Why is the Greek letter phi translated into English as “ph” and not “f”?

Because when Latin started transliterating Greek, φ was still pronounced as /pʰ/: a p followed by an h. The shift of /pʰ/ to /ɸ/ to /f/ occurred later (the first evidence for it, Koine Greek phonology notes, is from Pompeii.)

Why are there relatively few personal names shared between Indo-European languages?

Brian is of course correct that naming simply isn’t as stable as, say, the Swadesh-100 list of core vocabulary, or for that matter syntax (VSO, SOV, SVO).

Things change much more quickly now than they used to, so you could object to Brian’s example. In English, the most popular names change radically every couple of decades; name fashions moved in a time scale of centuries in the 1500s. In Greece, where naming traditions were much more conservative until quite recently, names are specific to regions, and perpetuated from grandparent to grandchild. (Manuel is stereotypically Cretan, Athanasius is mainland.)

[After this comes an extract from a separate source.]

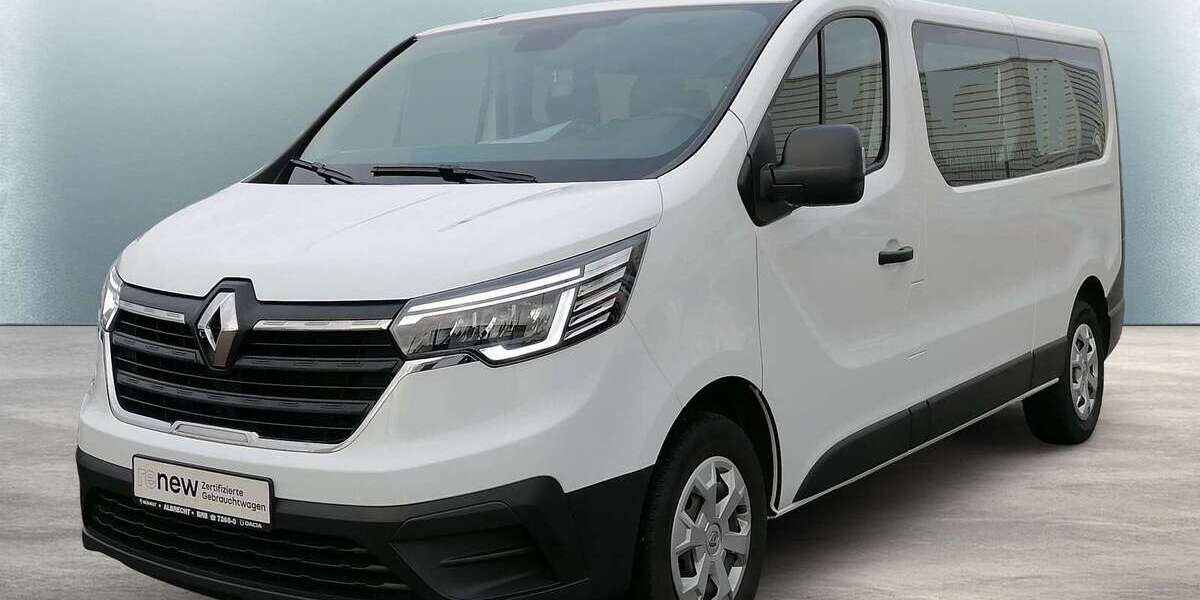 Renault Trafic 43.339 km 28.860 &euro; Brandenburg 14772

Christian names (not only from the Bible, but also names of saints) have of course also displaced other naming traditions to greater or lesser extents.

Well, writ large, you see change in naming tradition in the branches of Indo-European as well. Germanic, Greek and Indic share a naming tradition of compounds: Themistocles “glory of law”, Archimedes “counsel of leaders”. This is likely an Indo-European inheritance, and may or may not have been just for nobles. But there’s no trace of it in Latin.

How come there is only one written musical language for western music, when there are so many different spoken languages?

OP, your question appears to be about musical notation (written language), not about the language of music per se.

Western musical notation developed out of Mensural notation , which in turn developed out of Neumatic notation.

The Byzantine Notation system is an independent development of neumatic notation, used in the Greek church, which looks nothing like Western notation. The Znamenny chant notation is the Russian derivative of Byzantine Notation. Hold that thought.

The comparison to make is not between musical written notation and different spoken languages. The comparison to make is between written notation of music and written notation of language.

The written notation of language is a script. In Europe, there’s Roman script, Greek script, and Cyrillic script.

There are many different spoken languages in Western Europe, but all use the same Roman script. They all use the same Roman script, because they all got literacy through the Catholic church, which used Latin.

The countries of Orthodox Eastern Europe did not use Roman script. They used Cyrillic (which was based on Greek), because they all got literacy through the Orthodox church.

There was an Ancient Greek musical notation, but it did not survive. Music notation in mediaeval Europe started in the church. And there was a Catholic tradition of notation (neumes, then mensural), and an Orthodox tradition of notation (Byzantine and znamenny).

Since all Catholic countries shared the same musical notation, it was straightforward for them to keep sharing the same musical notation, when it developed into something recognisably modern in the 1600s (even if by then music was also secular, and they weren’t all Catholic).

So there is only one written musical language for western music, for the exact same reason there is only one script for Western European languages.